One day in Toronto: chef Andrea Nicholson

This Top Chef Canada contender shares her favourite breakfast, lunch, dinner and drink spots in Toronto

An entrepreneur, chef and host of Food Network’s Restaurant Takeover and contestant on the first season of Top Chef Canada, Andrea Nicholson knows what goes into good food and successful restaurants.

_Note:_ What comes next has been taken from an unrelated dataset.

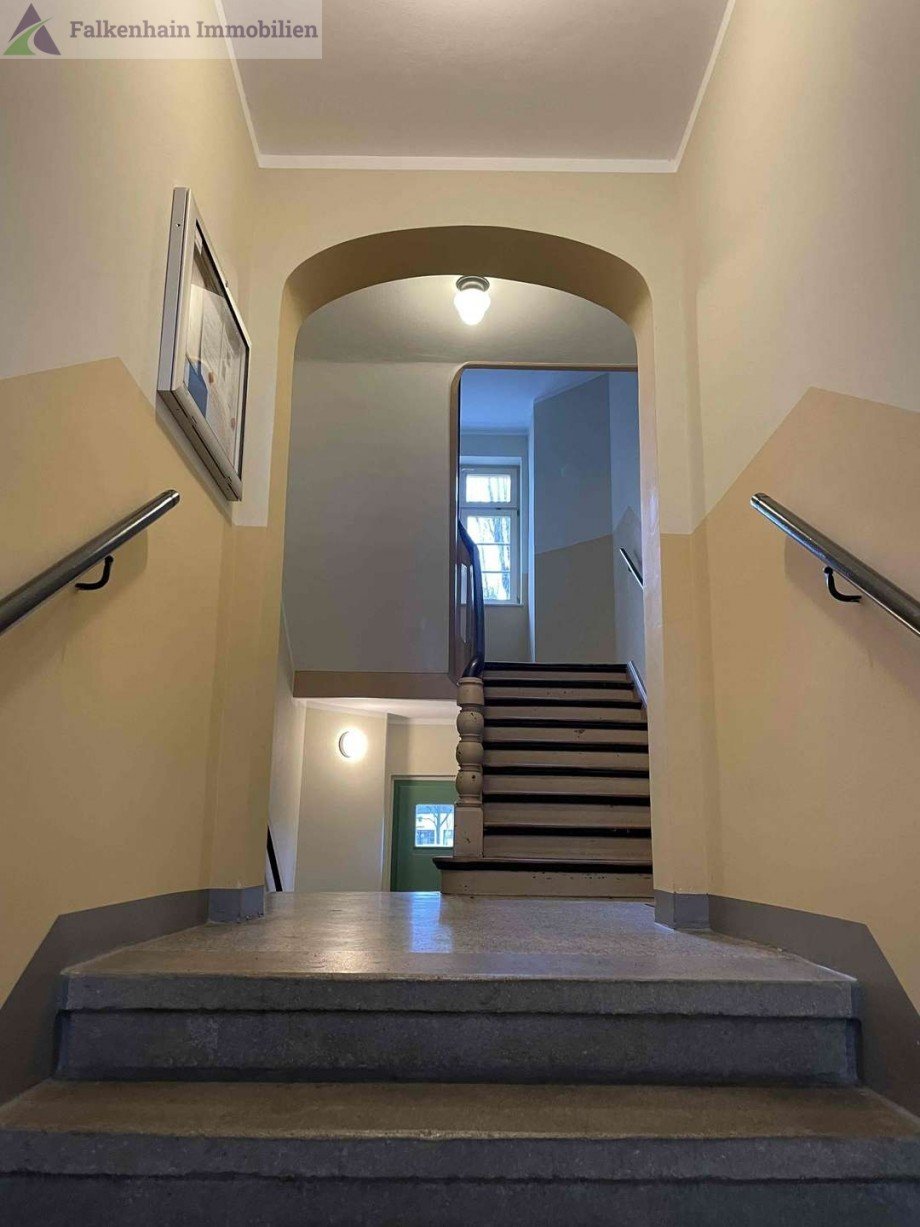 Treppenhaus Wohnung Leipzig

Nicholson's culinary journey began at the age of 14, when she discovered her fascination with the art of food. After completing the culinary program at Toronto's George Brown College, Nicholson toiled in the kitchens at a slew of restaurants in Toronto including The Fifth and Trattoria Nervosa. From there, her experience took her to the world-renowned six-star cruise line Regent Seven Seas Cruises. Nicholson has also trained in New York City under Roberto Caporuscio, garnering her with a diploma from the A.P.N. of Naples, Italy, distinguishing her as a certified Pizzaiuoli.

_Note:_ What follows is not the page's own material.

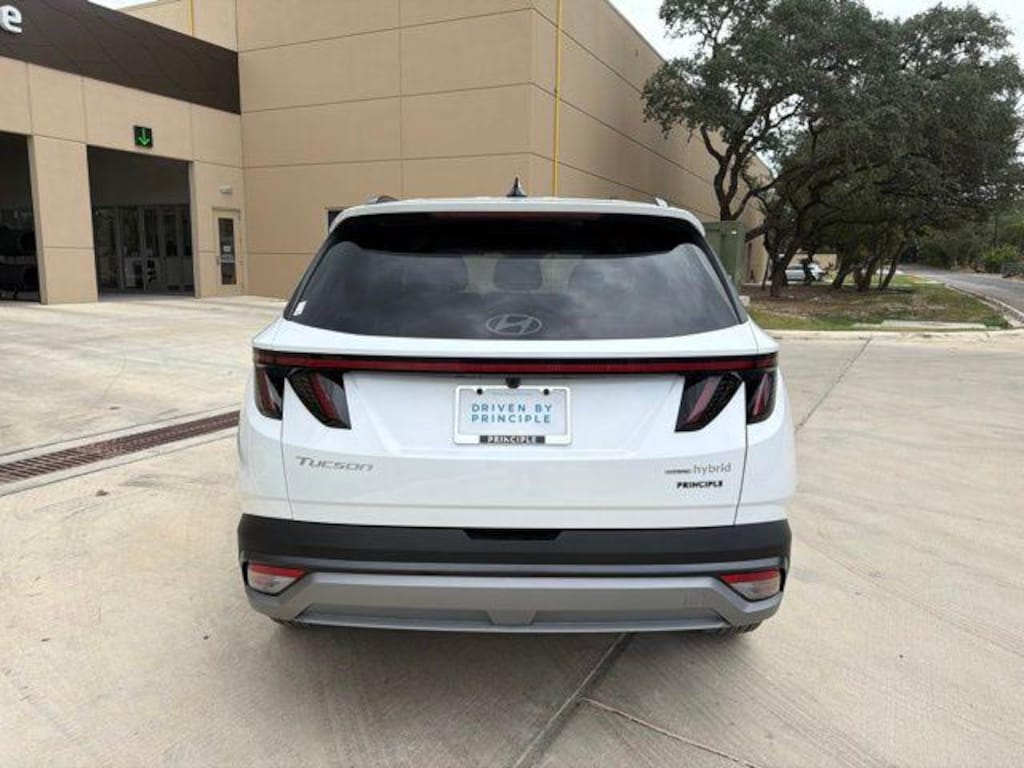 New 2026 Hyundai Tucson Hybrid SEL Convenience SUV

Her every experience at home and abroad helped shape her multi-dimensional culinary know-how, but don't be mistaken that her travels and experience in working abroad have diluted her dedication to Canadian ingredients. A proud supporter Canadian farmers and purveyors and the Ocean Wise program, Nicholson celebrates the purity of local and seasonal produce in every dish, and most recently, in her own artisan product line called Killer Condiments.

With a profile like that, this talented and knowledgeable Torontonian is just the person to ask about gems in the city.


I am a purist when it comes to breakfast — nothing sweet, just some properly cooked eggs, crispy bacon and rye toast. For that, I really like Rosemary & Thyme. It's fast, friendly and has really good coffee!


I lived in Chinatown for years and fell in love with Rol San, a Chinese restaurant with really tasty and fresh food. It has a killer dim sum menu on the weekends and its crispy beef is wicked good (ask for it special).


David Duncan House, this place is an old school gentleman's club/restaurant that is all about French service— complete with trollies, flambé and the whole bit — set in an old historic house. The servers are older men dressed in tuxedo-like uniforms who make the best tableside caesar salad and Spanish coffee. It's expensive, but it's an experience worth having. 


Kitch: it's a super cool hipster bar with great cocktails and guaranteed dance party, always.